ASSIGNED TASK: Each line below that includes "Print" counts once; report the total and nothing more.

EXERCISE MATERIAL:
———

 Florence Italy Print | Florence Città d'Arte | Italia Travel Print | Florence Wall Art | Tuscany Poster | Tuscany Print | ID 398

———

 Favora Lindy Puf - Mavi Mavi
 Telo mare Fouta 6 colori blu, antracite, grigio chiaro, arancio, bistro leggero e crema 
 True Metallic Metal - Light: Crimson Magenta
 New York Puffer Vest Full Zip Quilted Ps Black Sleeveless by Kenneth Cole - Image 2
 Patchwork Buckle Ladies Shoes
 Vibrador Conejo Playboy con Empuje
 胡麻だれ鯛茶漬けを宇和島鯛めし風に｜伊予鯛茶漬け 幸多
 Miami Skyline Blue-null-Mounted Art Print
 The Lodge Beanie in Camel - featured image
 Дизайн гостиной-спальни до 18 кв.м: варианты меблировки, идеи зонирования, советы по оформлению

———

YOUR RESPONSE: 2